__EXERCISE INSTRUCTIONS__: Pictures stay out of the copy; set down each line of the listing below exactly.

Start of RECORDED INFORMATION

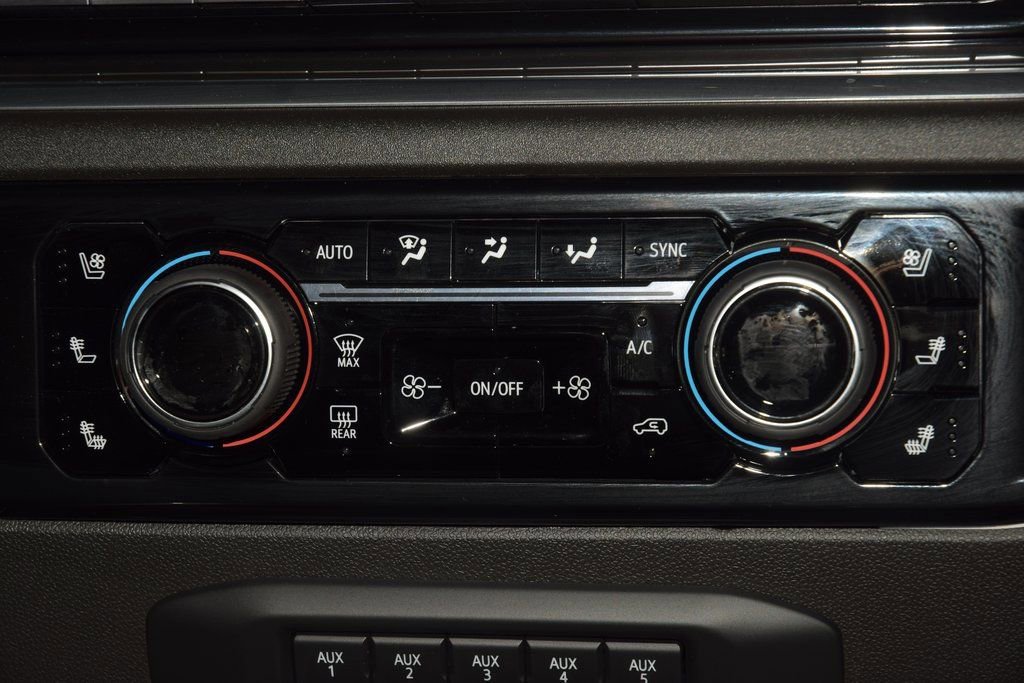 2026 Chevrolet Silverado 3500 HD High Country - Photo 35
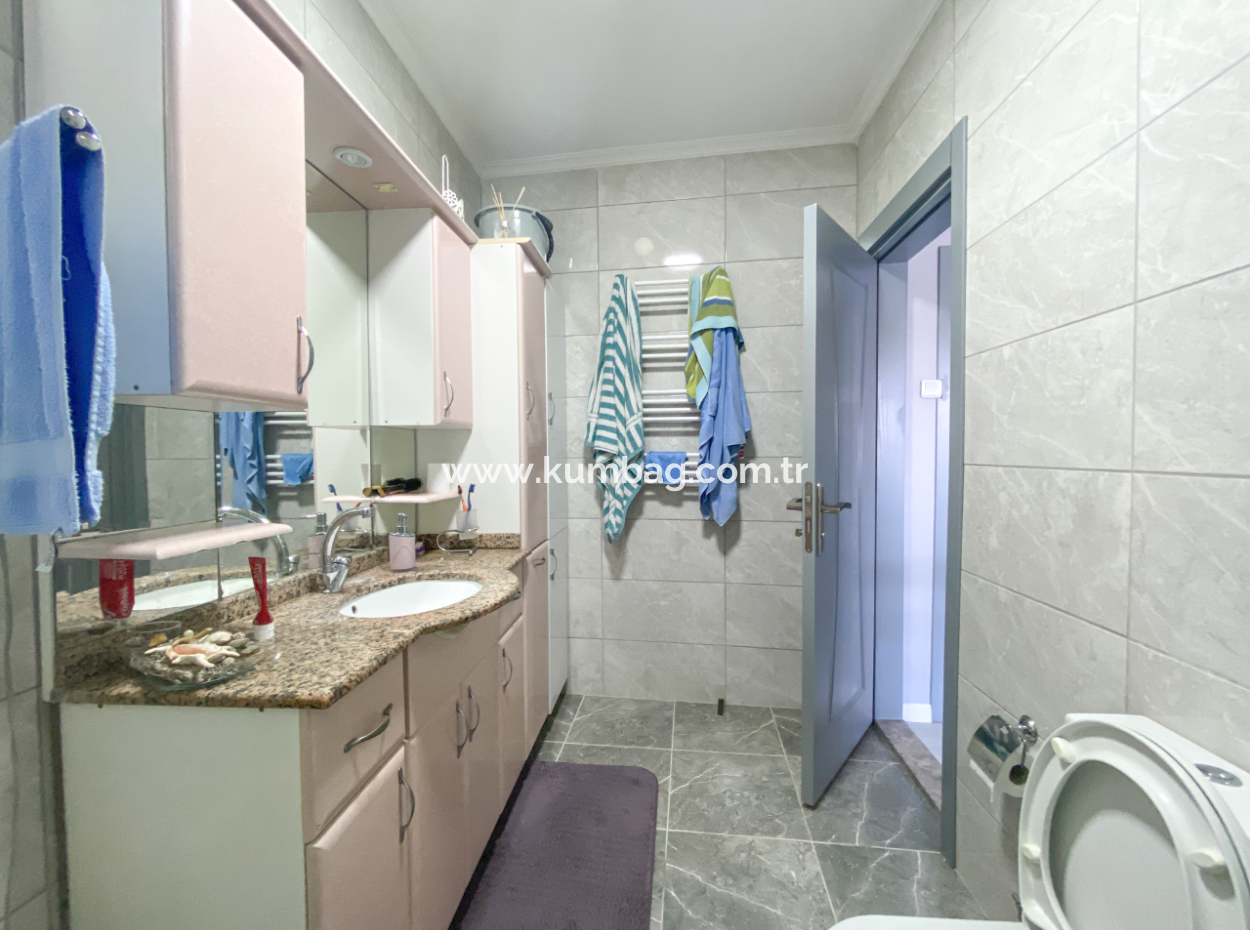 3 1 Garden Villa For Sale By The Sea In Kumbagh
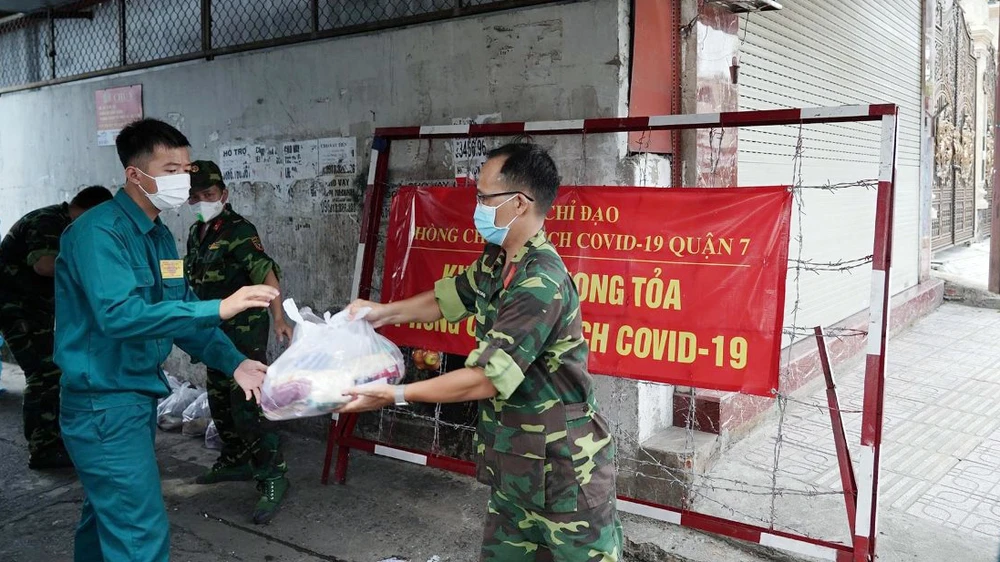 Đến nay, chương trình đã trao quà cứu trợ đến cho hàng ngàn hộ gia đình nghèo tại các quận huyện của TPHCM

End of RECORDED INFORMATION

__SOLUTION FOR THIS PROBLEM__:
 2026 Chevrolet Silverado 3500 HD High Country - Photo 35
 3 1 Garden Villa For Sale By The Sea In Kumbagh
 Đến nay, chương trình đã trao quà cứu trợ đến cho hàng ngàn hộ gia đình nghèo tại các quận huyện của TPHCM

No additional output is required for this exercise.